HHS Secretary Mike Leavitt Wednesday announced final regulations that will support physician adoption of electronic prescribing and electronic health records technology.
"Electronic health records help doctors provide higher quality patient care, improved efficiency and with less hassle," Leavitt said. "By removing barriers, these regulation changes will help physicians get these systems in place and working for patients faster."
The final rules from the Centers for Medicare & Medicaid Services (CMS) and the Office of the Inspector General (OIG) create new exceptions and ‘safe harbors’ for two federal fraud and abuse laws regarding the donation of health IT and services.
The CMS rule makes exceptions to the physician self-referral law involving the donation of electronic health records technology and will protect the provision of software or information technology and training services necessary for the use of EHRs.

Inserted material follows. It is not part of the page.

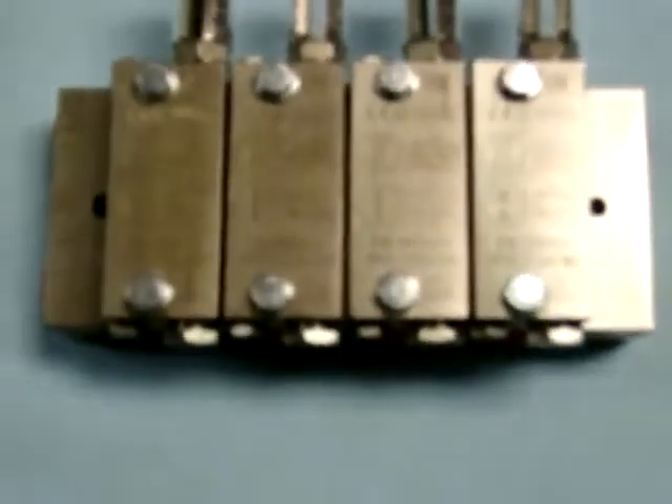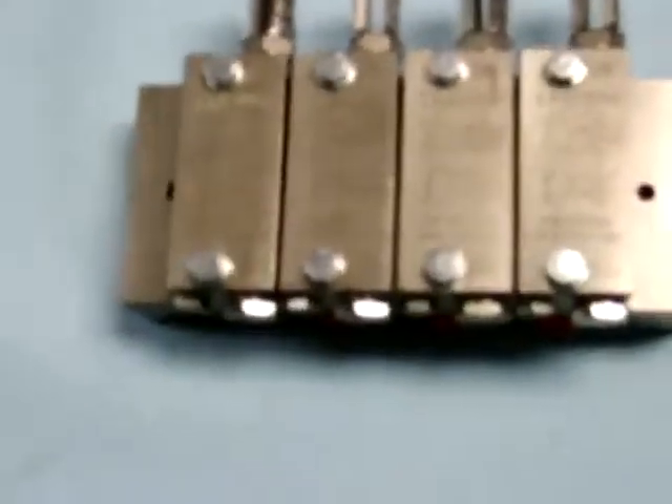This video shows how to convert a twin-ported dual line block into a single. If you look on the front of the block, you'll notice that the top illustration is for two outlets.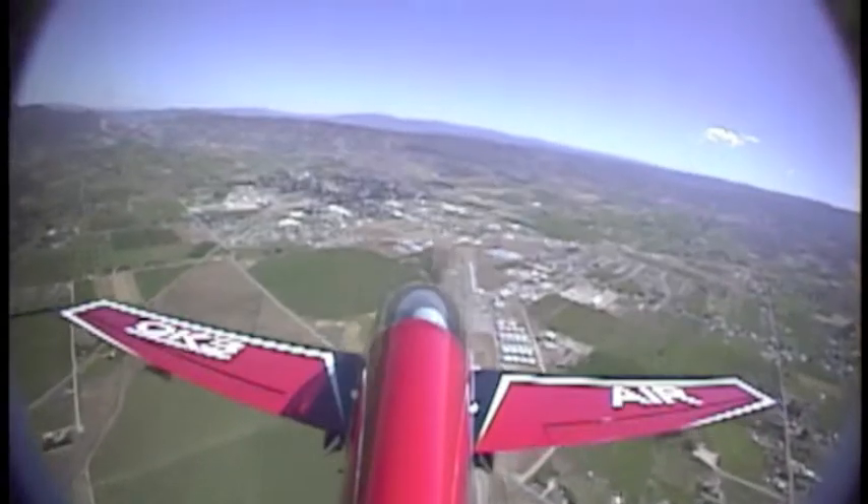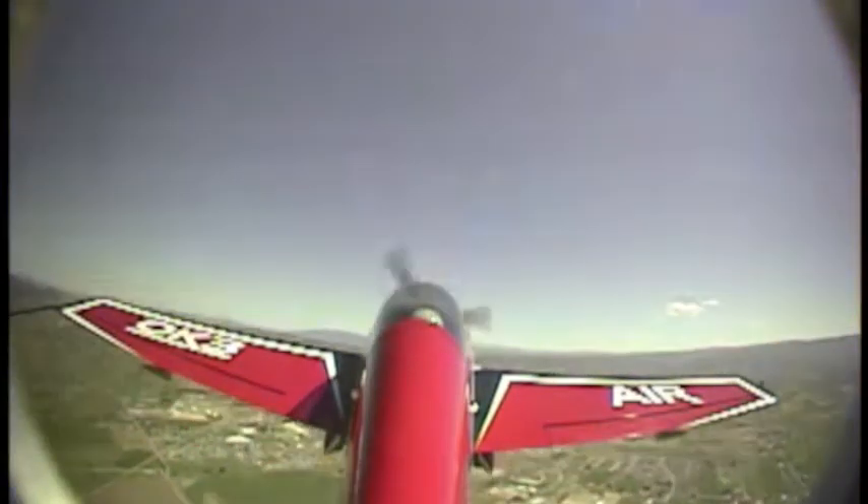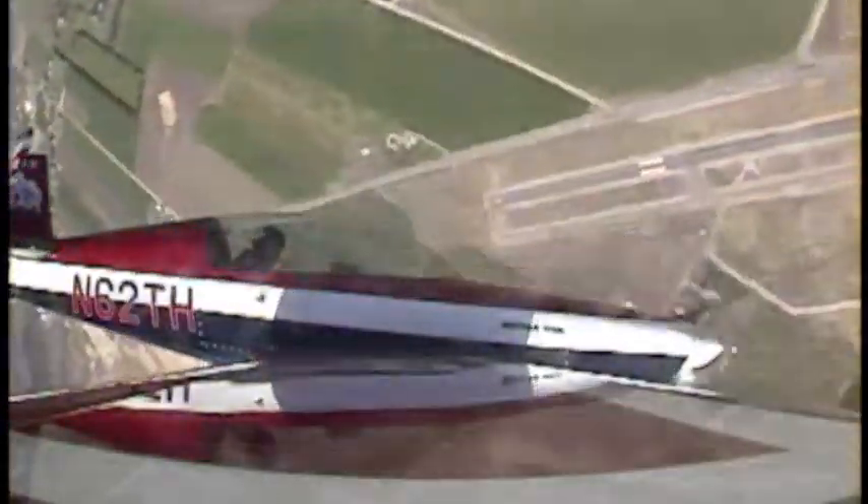This video is of a gyroscopic tumble in an Extra 300. You can start off by pulling to a 45 degree line, quarter roll to the right, then push full forward left, left rudder, left forward stick.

The OIG rule establishes two new safe harbors under the federal anti-kickback statute. Arrangements involving the provision of items and services that meet the requirements of the safe harbors are exempt from enforcement action under the federal anti-kickback statute related to electronic prescribing as well as EHR systems. The safe harbor covers a broad number of providers, suppliers, practitioners and health plans when they provide EHR technology to physicians and other providers.
The scope of donors and recipients under the final rules is considerably broader than was originally proposed in the fall of 2005. Donations protected under the exception may be made to any physician by entities furnishing DHS (designated health services).
Additionally, the final rules involving the donation of EHR technology include a cost-sharing requirement. Recipients are required to pay 15 percent of the cost of the electronic health records technology items and services.